All of the saws can be used with an optional rip guide. In most cases, this is the same scrawny guide carpenters used 20 years back – essentially a bar that connects a 3- to 5-inch fence to the base. It works okay, but I don't know anyone who uses it on a regular basis. The device is really more of a gauge than a guide; if you push too hard on the saw it will pivot off the fence and the rip won't be straight.

DeWalt developed a rip guide (DWS5100) that I actually like using. The fence, which will make up to a 14-1/2-inch rip, is about 19 inches long and connects to the saw with a pair of arms. It's big enough that you can push the saw hard and cut quickly and still produce a very accurate rip. This is a fantastic accessory.

Favorite Models

Nearly all of these saws are well-made and functional, but as someone who frames for a living I liked the DeWalt best. It's powerful and rugged, and it has well-thought-out features, including an optional rip guide that actually works.

My second choice – despite its somewhat weak base plate – is the Ridgid. This saw is smooth-running, powerful, and equipped with a very nice guard. My third choice is the Skil. Compared with other models, it seems stripped down, but its upgraded guard and venerable reputation make it hard not to like.

Tim Uhler is a lead framer for Pioneer Builders in Port Orchard, Wash., and a Tools of the Trade contributing editor.

Worm versus Hypoid

Inline saws produce more torque than sidewinders because the gears spin their blades about 1,000 rpm slower. Bosch, DeWalt, Milwaukee, Ridgid, and Skil use worm gears; Makita and Craftsman use hypoid gears – as did an earlier model (DW378G) from DeWalt.

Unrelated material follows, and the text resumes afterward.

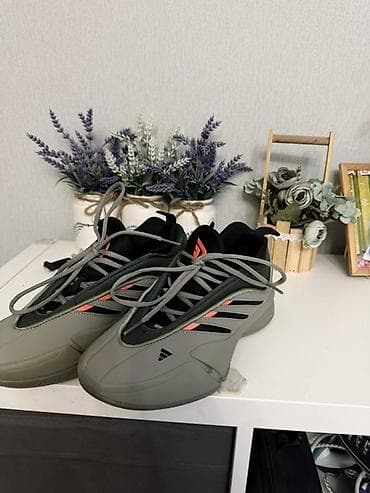 Кроссовки Adidas (баскетбольные) - Модель с низким/средним профилем — 4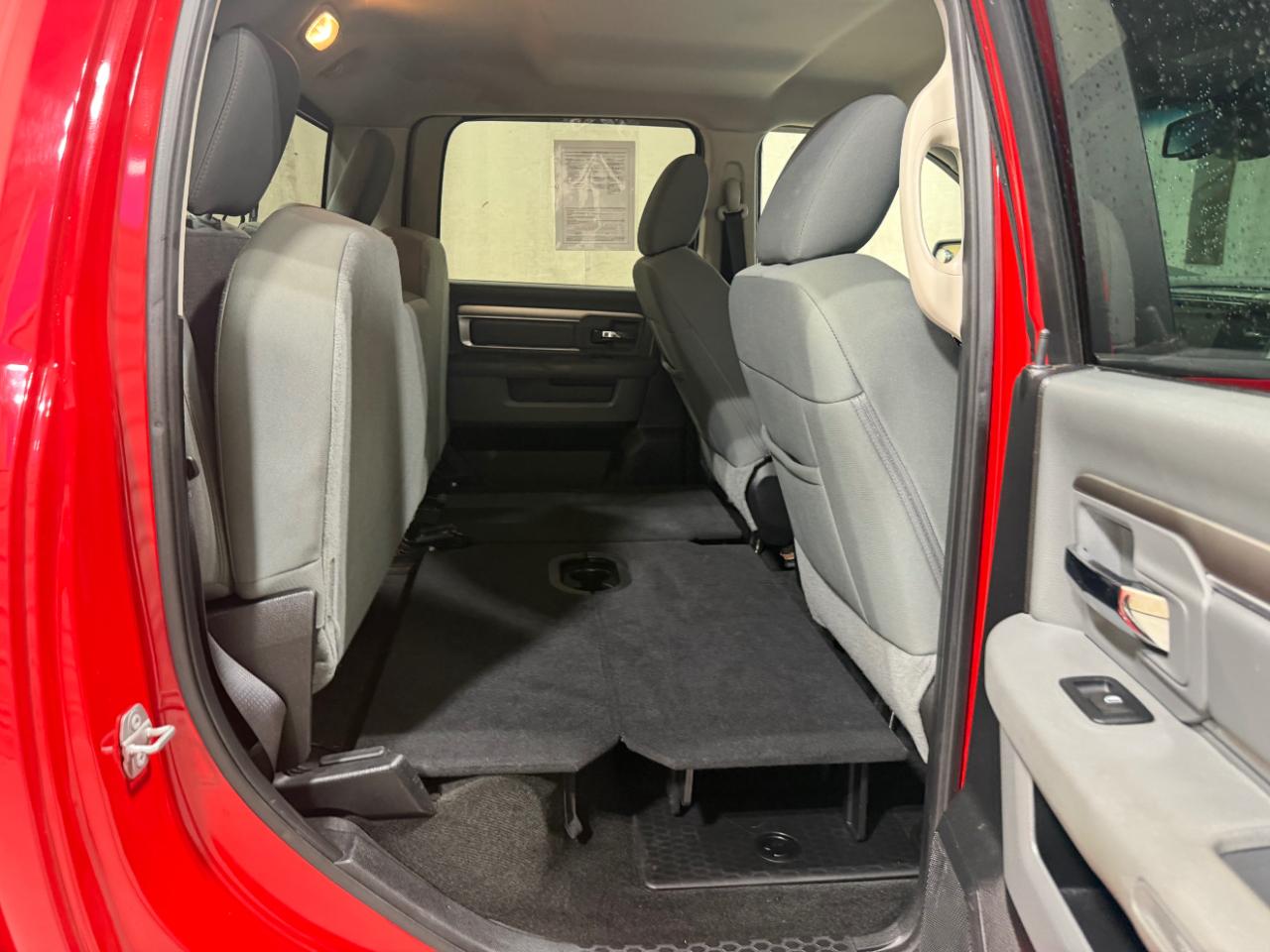 RAM 1500 4WD Crew Cab 140.5" Big Horn 2016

You can tell at a glance what kind of gears a saw has. The gears in both types of saw are bathed in oil, but in a wormdrive, there's a plug in the housing for changing the oil. There is no such plug on a hypoid saw; the lubricant is permanently sealed within the gear housing.

These design differences are due to the way worm and hypoid gears operate. A worm gear slides against the adjoining gear while a hypoid gear has more of a rolling action. Sliding is inherently less efficient than rolling and produces more friction and heat. Under sustained heavy use, the gear housing of a wormdrive saw can become hot enough to degrade the oil – hence the need to be able to change it. To reduce the amount of friction, the steel worm gear mates with a gear made from bronze, which has a lower coefficient of friction. Bronze isn't tough enough to use in every kind of gear, but it works fine in a wormdrive saw.

If you talk to tool manufacturers, you'll get conflicting reports about which type of gear is better. The companies that make wormdrive saws claim worm gearing is more robust and that their competitors use hypoid gearing because it's less expensive to manufacture. The makers of hypoid saws say that hypoid gearing has tighter tolerances than worm gearing and is more durable and more efficient at transferring power.